Как Валька бежал вдоль пляжа под луной, полетел по камням – прыжок, прыжок, живот втянутый, ноги длинные, а ночь была мрачная, несмотря на луну, ветер стучал по соснам, как палка по забору, и Валька сорвался в воду, взлетел сноп холодных алюминиевых брызг, тогда он и вернулся к ней, смеясь, голый в такую холодину, сумасшедший, вот сумасшедший.
Она зябла у зеркала, читая письмо, и иногда взглядывала на себя, зябкую. Письмо было короткое:
«Пожалуйста, не думай, что я пьян, я почти не пью, у меня много работы, мне хорошо. Я пишу тебе, потому что мне больше уже невмоготу не знать о тебе ничего. Ну, любовь не любовь, но все-таки хоть раз в полгода давай о себе знать. Таня, намарай хоть открыточку, а, Таня? Адрес на конверте.
Мы тут с друзьями-товарищами со страшной силой «куем чего-то железного». Зарабатываю хорошо. Купил себе новое пальто за 85 р. Пока.
Валентин.
Таня, вроде весна пришла, Таня.
Вышла замуж?»
Минут через пять пошли дикие звонки из Дома кино. Почему она еще дома? Не оделась еще? Сумасшедшая! «Хорошо, золотая рыбка, – прокричал Кольчугин, – сейчас я за тобой прикачу, и если ты, если ты…» Она повесила трубку и больше уже не подходила к телефону.
Как-то раз она провожала Вальку. Он уезжал с Казанского вокзала. Смеясь, они пробежали зал, перепрыгивая через узлы, задевая гирлянды транзитных баранок. Он успел вскочить в последний вагон. Вообще вся жизнь с ним была наполнена постоянной спешкой. Вечно куда-то они опаздывали – вместе или в одиночку. Суетились.
Зато как ее поражало его спокойствие там, в Эстонии, на съемках. Вырядится вечером в свой костюм и бродит по городу, как лунатик. Безучастный взгляд: ни презрения, ни горя, ни любви – ничего в нем не было видно. Ей тоже приходилось притворяться. Они вели тогда бессмысленную борьбу друг с другом. До того вечера. Да, до того. А после бред какой-то начался собачий. Олег, Миша, Эдуард – «рыцари»… Только покойник Кянукук…
Ну, хорошо. Вовремя пришло письмо. Только с таким настроением и идти на премьеру своего фильма.
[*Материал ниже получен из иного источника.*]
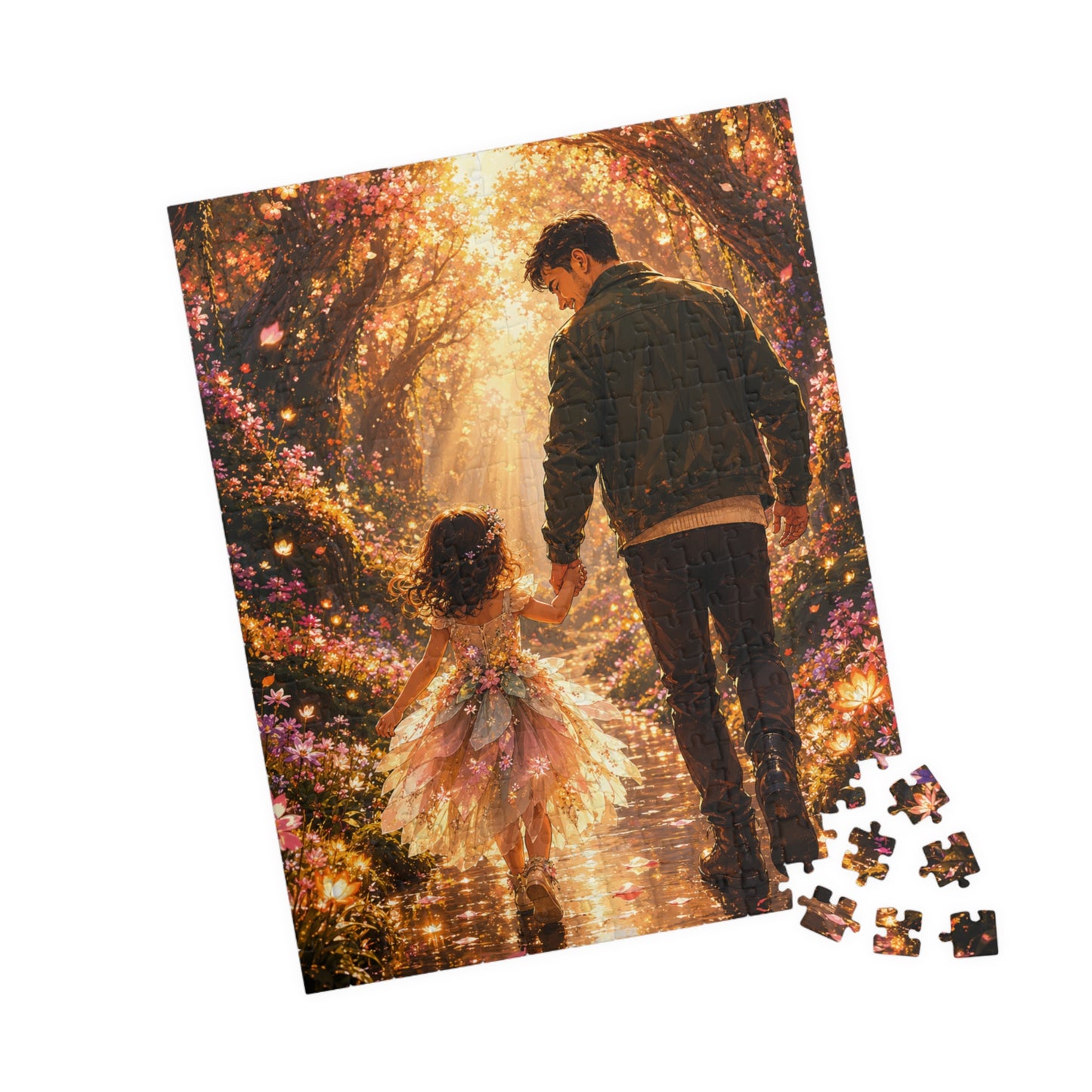 Father and Daughter Stroll Jigsaw Puzzle — Heartwarming Family Scene (110/252/520/1014 pcs)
Таня оделась, автоматически повертелась перед зеркалом, оглядывая себя со стороны, с большого расстояния, – можно было предположить, что задорная девушка собирается на свой первый бал, – и подошла к дверям, внимательно осмотрела комнату, в которой провела столько лет и эту зиму тоже.
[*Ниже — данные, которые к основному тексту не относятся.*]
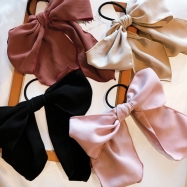 Women solida color chiffon knotbow hair clips for girls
Зиму эту Таня провела одиноко, невесело. Виной тому, конечно, были события прошлого лета – окончательный разрыв с мужем, дикая гибель Кянукука. Редко навещали ее отчетливые картины этого лета, но очень часто возникало болезненное воспоминание о какой-то ее страшной глупости, грубости, неловкости, и оттого она стала мрачной. Разные мальчики позванивали, а то и болтались возле подъезда, ей же казалось, что она старше этих мальчиков лет на сорок, они ей были смешны.